In August 1881, an engineer and industrialist of that time .. let’s call him .. Frank, was invited to Paris to the International Congress of Electricians, organized by the French government in the sidelines of the International Electricity Exhibition in the Trocadero Palace.
Frank was fascinated by the incredible potential of electrical innovations of the time. Returning home, he proposed to the rector of the local University to create an electrotechnical training institute in the existing university.
Being open in 1883, the institute has initially occupied the audience of University Square, but the rector decided to finance the installation of extra laboratories, workshops and classrooms and quickly gained a prestigious international reputation. Students flew from all over the world, and thus, soon, the building could hardly accommodate everyone who wanted to get an education.

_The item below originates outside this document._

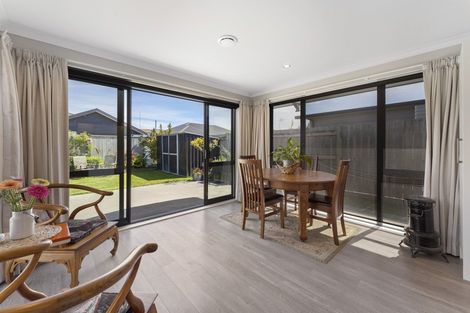 Photo of property in 58 Parnell Heights Drive, Kelvin Grove, Palmerston North, 4414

Now Frank in his turn has given the financial help to the expansion of buildings. Thus, a neoclassical structure was built in the left part of the main courtyard, with a brick-limestone façade. It could accommodate a large audience of almost three hundred places. Several world-known experts in their fields were trained here.
Nowadays it is a historic building: it dates from the last quarter of the nineteenth century, and its facade is classified as a monument. The buildings seem to have become disused over the course of years, and the old teaching block is suffering from vandalism and water infiltration from damaged roofing.

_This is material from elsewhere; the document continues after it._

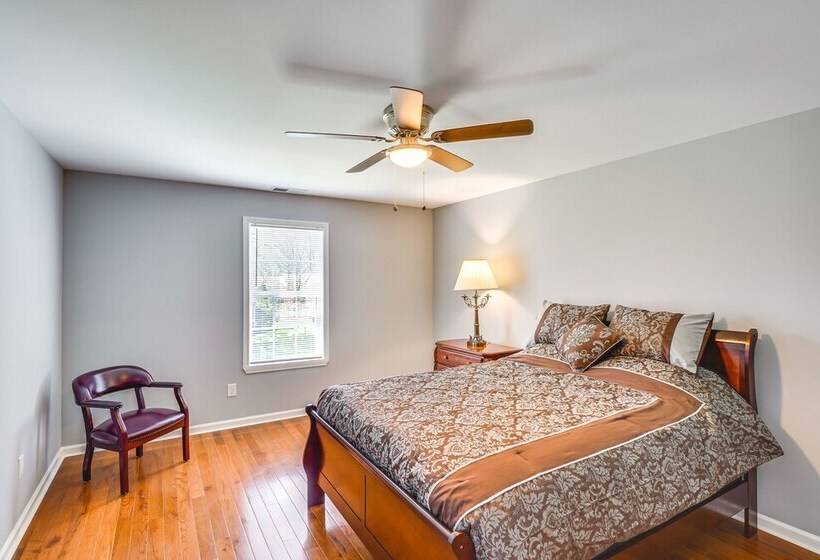 Louisville Retreat W/ Deck ~ 11 Mi To Downtown!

On the day we could get inside, the best buildings were a library and some classrooms.
The entrance hall had very beautiful wooden walls. Two wooden spiral staircases lead to the upper gallery of the lecture hall. The hall still had wooden benches, many of which were painted with graffiti of numerous generations of once future engineers. The other side room had a large, impressive staircase leading to another hall and the library. Unfortunately, the books were already removed from the shelves before our visit and were put in front of the old fireplace. These books were mainly works on electrical engineering, and most of them, dated the beginning of 1900, probably were rare editions.
The building is no longer accessible, you should not even try to get inside. Now it is empty and sold. After a recent auction, the deal finally took place. The price exceeded two million euro and was significantly higher than expected. The buyer is a subsidiary, recently created by two heavyweights in the local construction industry. Details of the project of the new owners are not known yet.